Review: R. C. Sproul’s Luther and the Reformation

With his characteristic clarity and story-telling ability,  R. C. Sproul’s Luther and the Reformation: How a Monk Discovered the Gospel reveals the lines of connection between the personal crises of Martin Luther’s life and the development of his theological thought. As the book’s synopsis reads, “In this book, Dr. R. C. Sproul guides us through several crisis moments in the life of Martin Luther that led to his recovery of the gospel revealed in Scripture. Justification by faith alone was a liberating truth for Luther and the other Protestant Reformers, and it is good news for us to cherish today.”

The crises of Luther’s life serve as the structural pillars for the first half of the book (chapters 1–6). These chapters read like a guided church history tour with Dr. Sproul serving as tour guide, stopping at key points along the way to fill in the details of Luther’s personal and spiritual biography. The last half of the book has the familiar feel of a Ligonier classroom (with the green chalkboard included, of course). In these chapters (7–10), Sproul examines the Roman Catholic view of justification side by side with the Protestant view and argues that Luther’s view of justification better accords with the teaching of Scripture.
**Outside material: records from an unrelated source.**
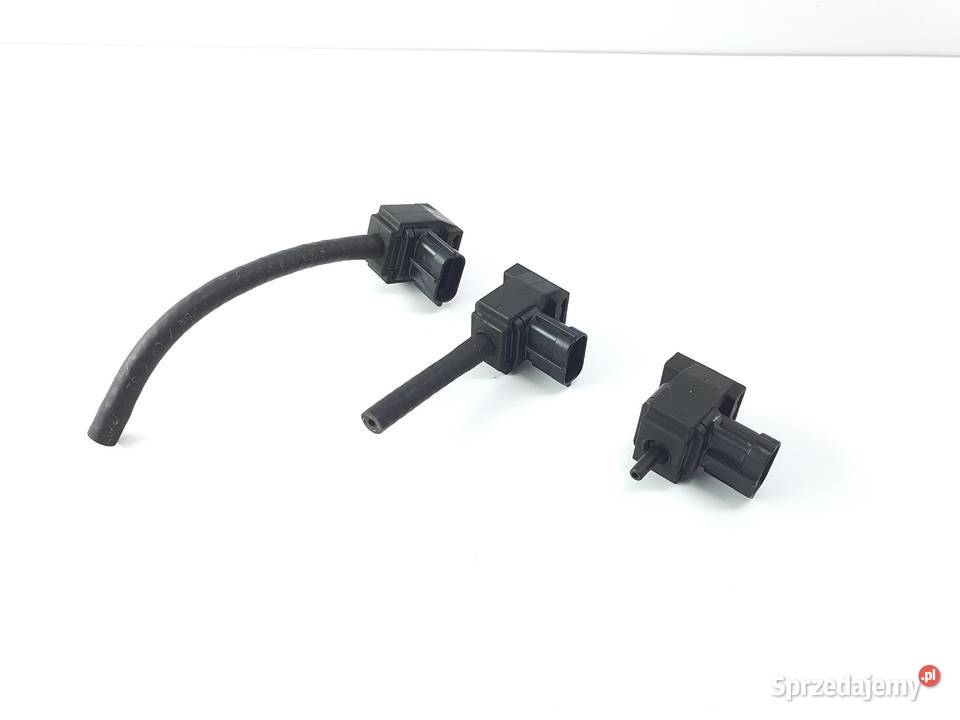 Czujnik Map Sensor Ktm Adventure 990 łódzkie Łódź
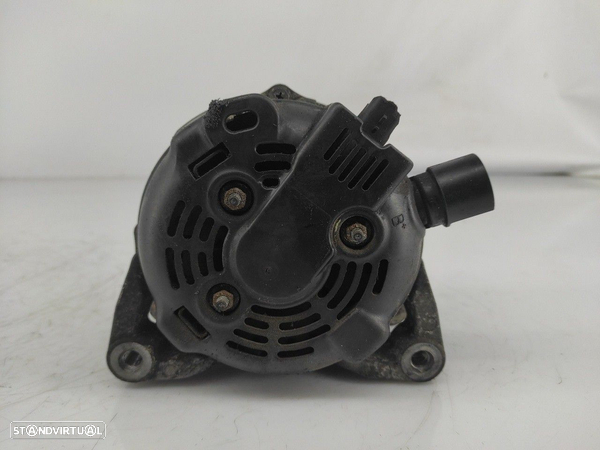 Alternador Citroen Xsara Break (N2) - 3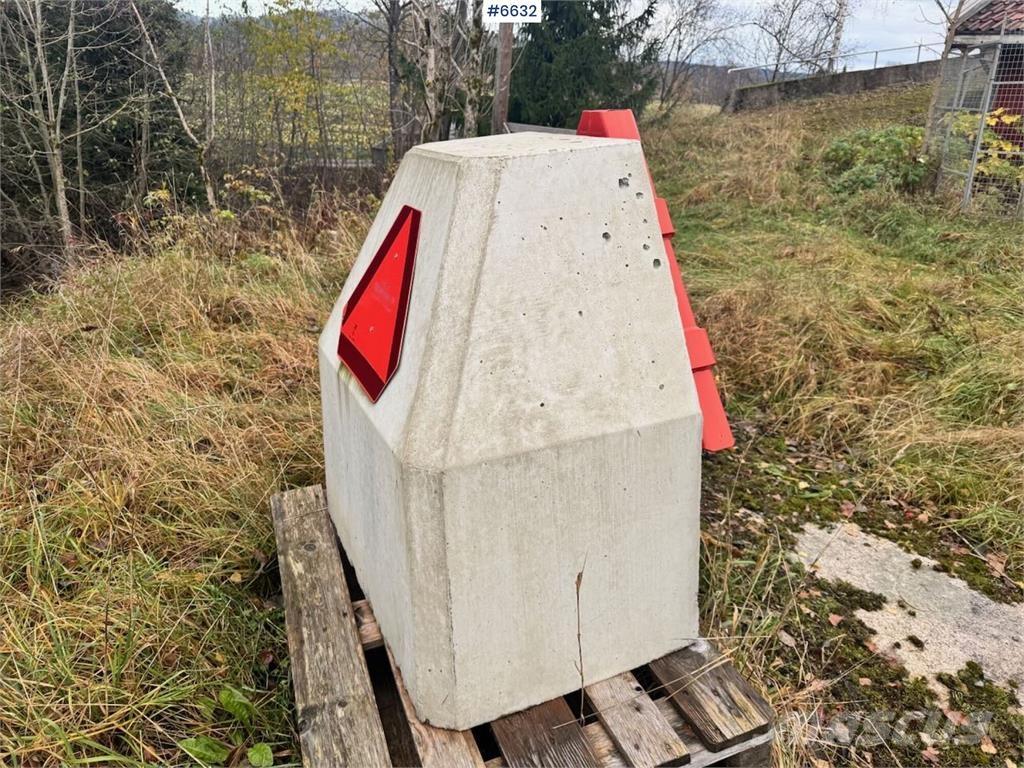  lodd til traktor مكونات أخرى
The first familiar crisis of Luther’s life came in 1505 when he was nearly struck by lightning on his way home from university. After crying out to St. Anne to spare his life, Luther entered the Augustinian monastery at Erfurt where his frequent trips to the confessional tired his priestly confessors. These years in Erfurt presented the great problem that Luther would spend the next two decades trying to solve—what must a man do to be free from guilt?

The book then recounts how Luther’s pilgrimage to Rome only added to his crippling sense of angst. After watching the Roman priests fly through five to six Masses in an hour and indulge in all manner of sexual immorality, Luther began to doubt that the pilgrimages, Sacred Steps, and indulgences of Rome could provide the peace of conscience he so desired. It was only through his study of Romans 1:17 (the “Tower Experience”) that Luther came to realize that the “righteous shall live by faith,” not by works. This newfound conviction changed the course of Luther’s life and served as the theological basis for his public critique of the sale of indulgences.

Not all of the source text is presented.